What especially aggravates me about this is that they could have put in that acknowledgement, and taken another jab at sexism, without changing the structure of the show that much. They could still have put Leslie on trial, and she could have brought up the fact that it is INCREDIBLY unfair of them to assume that she, the subordinate, is the predator and not Ben, the superior. It would not have been that hard.

I've also noticed a lot of people saying that Ben would have been in more trouble, because he was the superior. But no, not really. Many, many people who abuse their power for sex get away with it. Bill Clinton got away with it for years, and he was forced to face the consequences not because his actions were wrong, but because a Republican Congress wanted to take down the Democratic president and Monica Lewinski's so-called friend wanted to sell a book. Herman Cain's actions were hushed up with settlement money and he continued on without any consequences until he made a bid for the presidency. It is very, very hard to hold people with power accountable for their actions. Even within the context of the show, just look at Councilman Dexhart. Despite his continuous and unapologetic sexual misconduct, the only consequence he has ever faced is a week or so of gossip. In a fair world, yes, Ben would be held to greater accountability because of his greater power, but that's not how the real world works and it's not how Pawnee works either.

Gary Gergich

Gary. Gary Gary Gary. The only reason that the show's treatment of Gary doesn't make me physically ill is because he's said to the camera: "Fuck them. I'm retiring in a year." (Yes, I'm paraphrasing). Bullying is not funny. Yes, even bullying against middle-class white men.
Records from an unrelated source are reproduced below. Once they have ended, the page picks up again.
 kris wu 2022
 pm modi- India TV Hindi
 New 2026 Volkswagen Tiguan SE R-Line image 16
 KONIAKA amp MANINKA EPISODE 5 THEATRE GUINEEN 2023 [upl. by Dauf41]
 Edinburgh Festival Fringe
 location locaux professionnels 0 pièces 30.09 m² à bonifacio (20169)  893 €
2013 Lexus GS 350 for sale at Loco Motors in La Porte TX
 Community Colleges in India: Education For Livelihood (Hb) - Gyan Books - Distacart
And yes, it is bullying. Gary has done nothing to deserve being blamed for everything, having his every little mistake and fumble mocked. He is consistently treated like the office's punching bag, and while sometimes it's witty, after the laughing is over I feel dirty.

It would be one thing if it was just Tom, and Ron was playing parent like he did in the Harvest Festival. But it is every single person in that office picking on him. EVEN LESLIE, which really makes me sad because in all other respects she's shown to be so open-hearted and caring and forgiving and loving (except of librarians, but, honestly, Pawnee librarians had it coming). It doesn't make sense to me that she could be so damn mean.
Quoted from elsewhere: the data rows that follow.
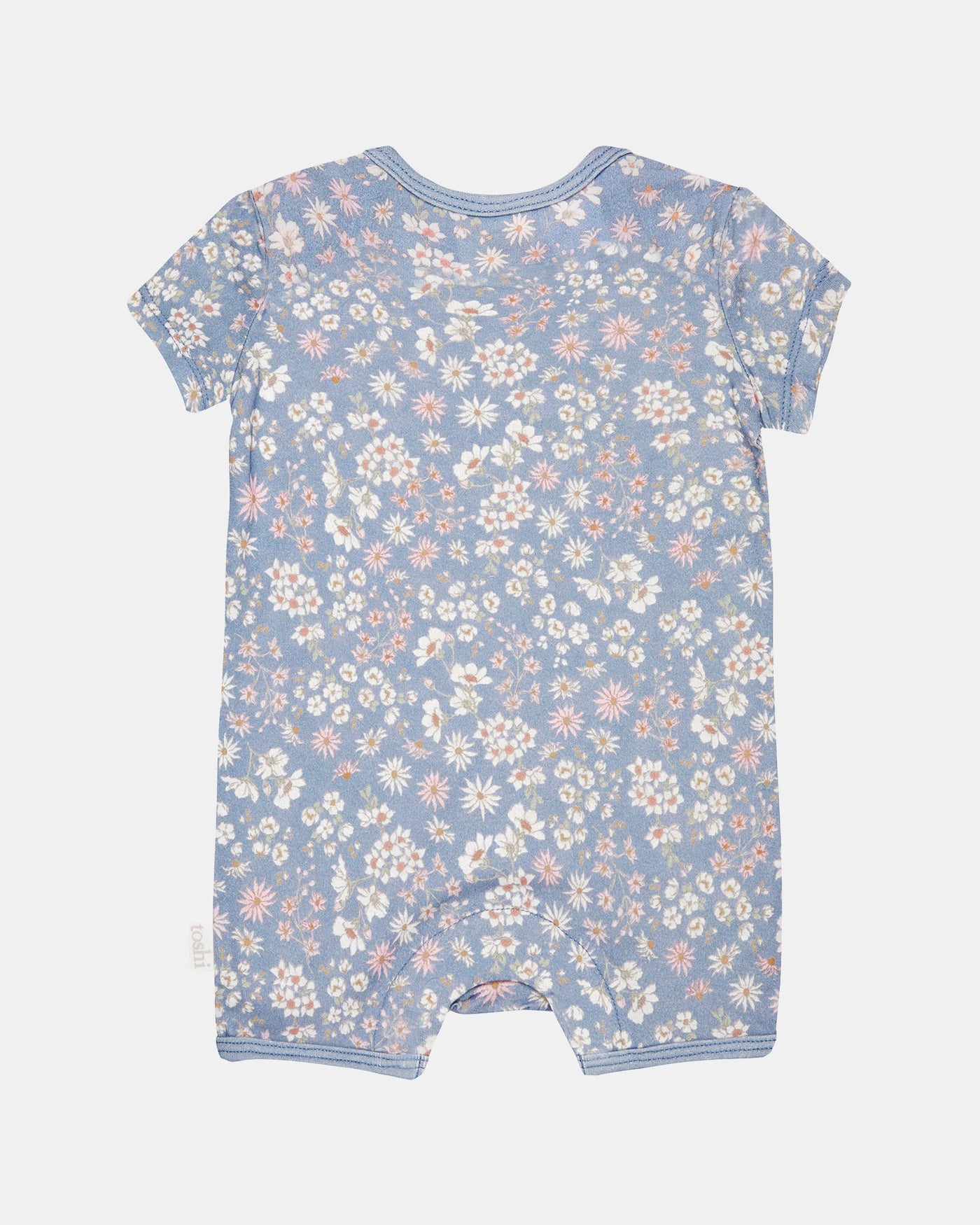 Onesie S/S Classic - Eva Dusk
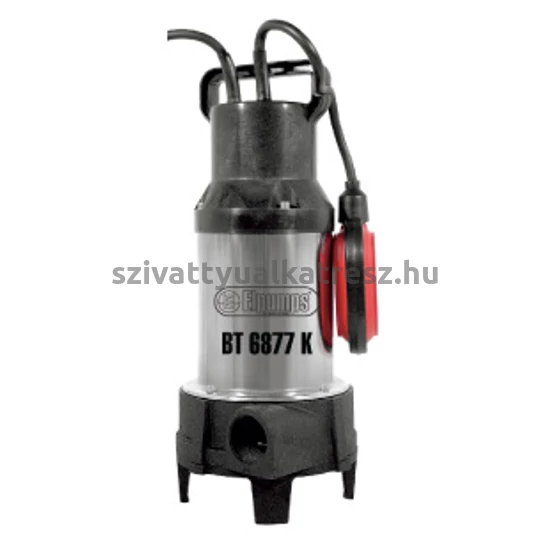 Elpumps BT6877K Darabolós szennyvízszivattyú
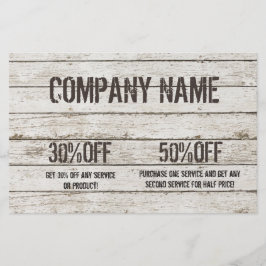 Handybauweise aus Whitealkholz Flyer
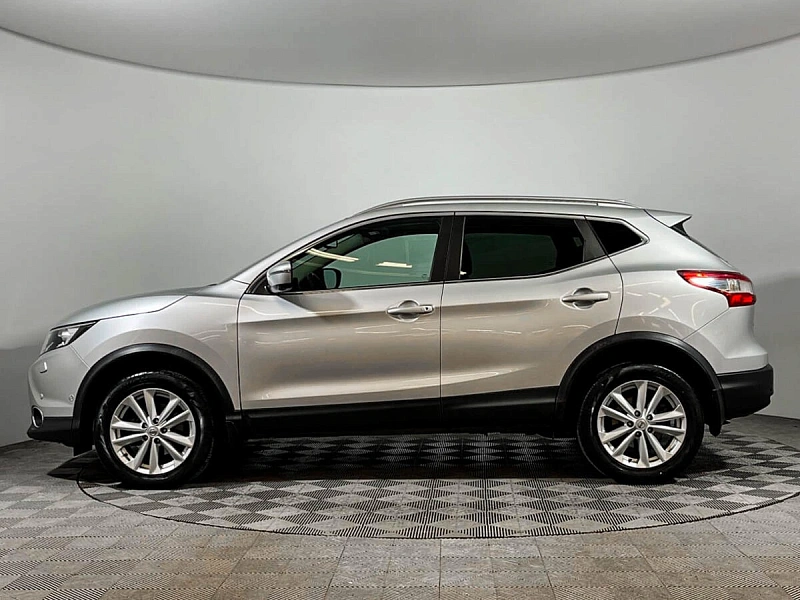 Qashqai
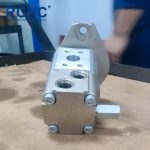 Parker Hannifin 20/925586 JCB 3CX Twin Hydraulic Pump 29 + 23 CC/REV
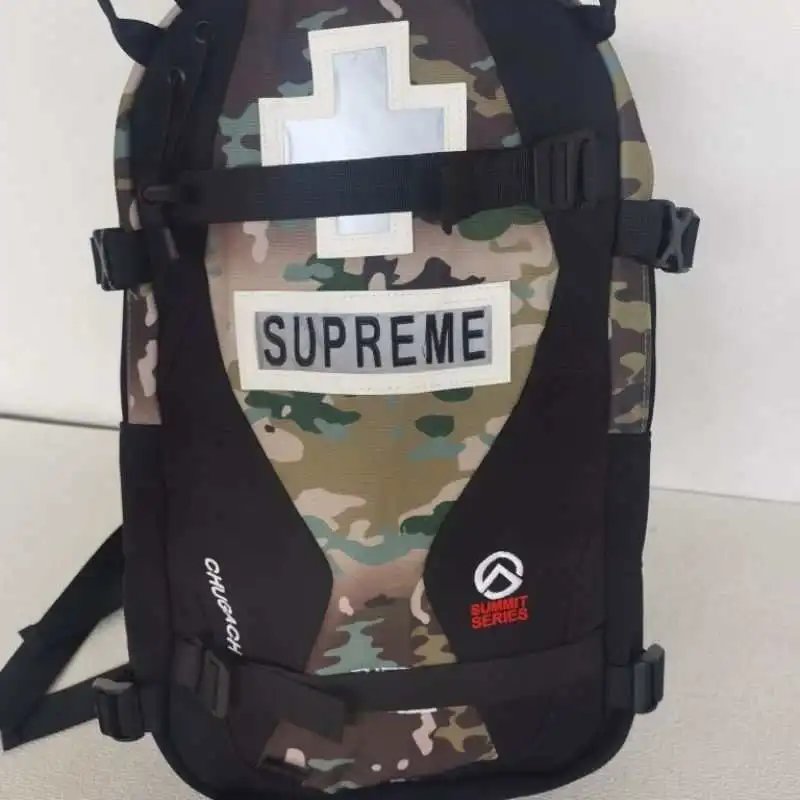 XJXPCS New Fashionable All-Match Backpack -02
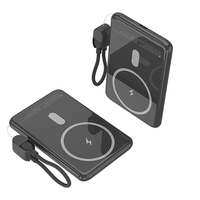 Miniatura 1 de LEOTEC POWERBANK 5000MAH 20W F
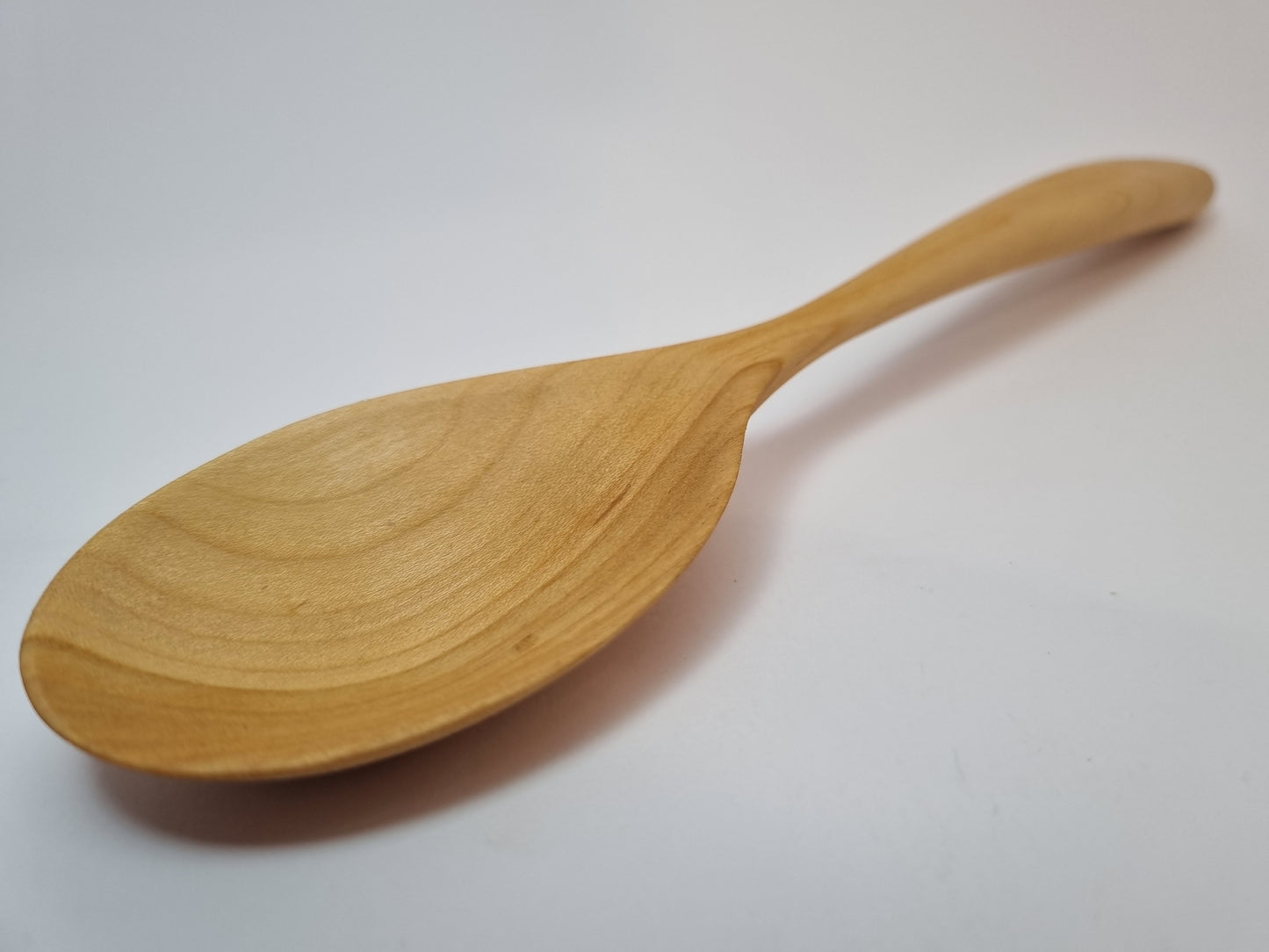 MajkiWood Handcrafted Cherry Spoon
It also ties into the Second Wave Feminist issue, because the Second Wave of feminism never talked about how how sexism affects men, particularly men who do not perform masculinity to society's satisfaction. Gary is one of those guys. Every other man in the show performs masculinity in a socially acceptable way - Ron is macho; Tom is a player; Andy is a manchild; Ben is a nerd; Chris is a smooth talker. But Gary doesn't. He is neither queer nor trans, but he presents certain characteristics that are traditionally considered feminine. He is passive and mostly non-confrontational (see: letting people call him "Jerry" for years because it didn't seem worth rocking the boat). He doesn't want to take charge. He is emotional, creative, and artistic, and these qualities of his are consistently devalued (see: his brilliant mural. see: his painting that Leslie chucked into the lake when the government opened for business again). He is not explicitly mocked for being feminine, but the structure of the show implicitly mocks his failure to adequately perform masculinity.
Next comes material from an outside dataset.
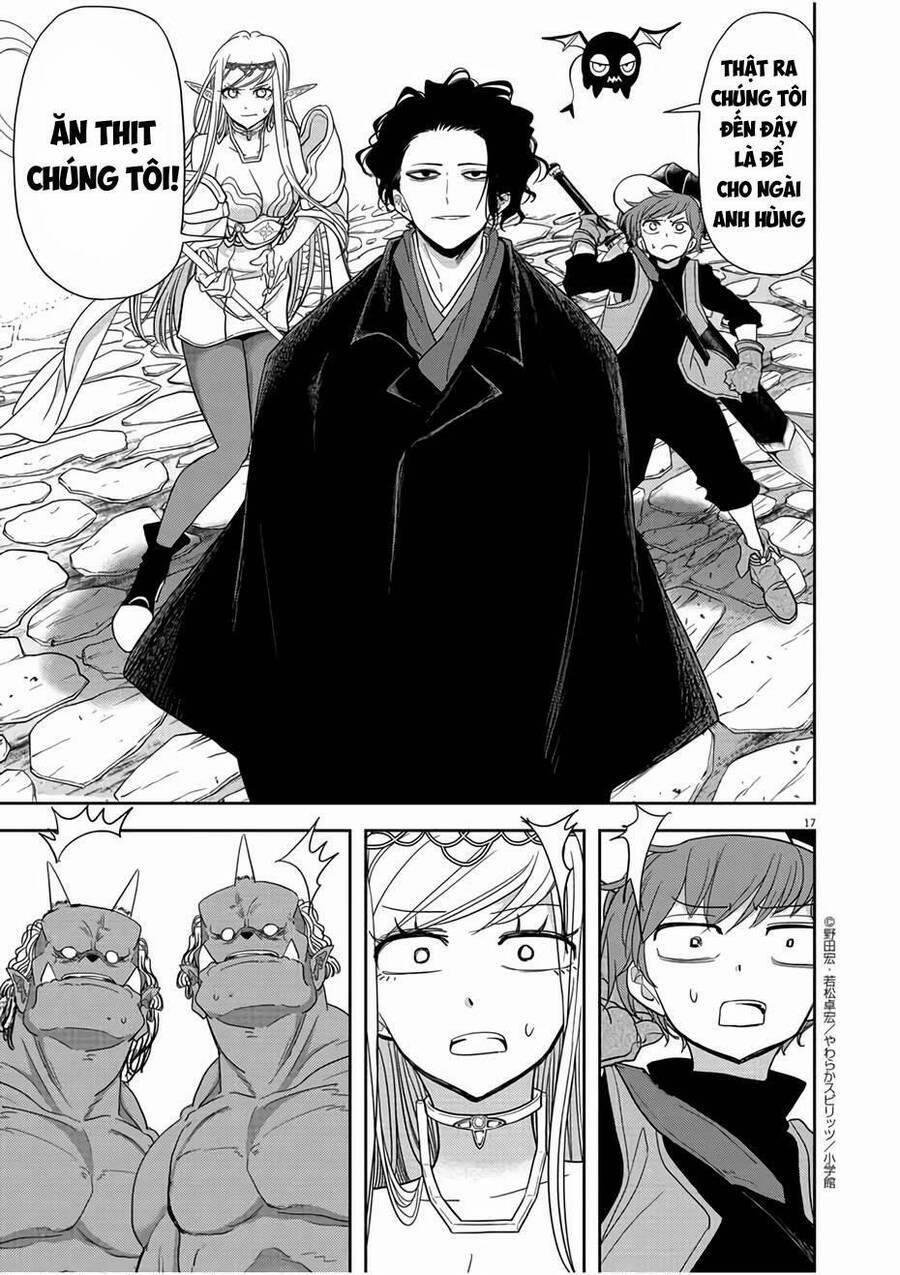 Dị Giới Thất Cách 13 trang 16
News flash: Misogyny hurts men too. So long as being feminine is treated as an undesirable thing, men who seem even remotely feminine will be thrown under the bus. This is one of the many reasons why the very concept of a patriarchy is flawed. The privileges and disadvantages of being male and female are not clean-cut, unilateral. (Nor, indeed, is the concept of gender itself, but that's a whole different discussion.)

I'm going to link Jay Smooth again because I don't say this to tear the show down or make people feel bad. I think the writers are brilliant and that the cast & crew could tackle these issues with wit and heart. That's why I say this - because I believe in them so strongly, and I would really, really love to see what they could do with this.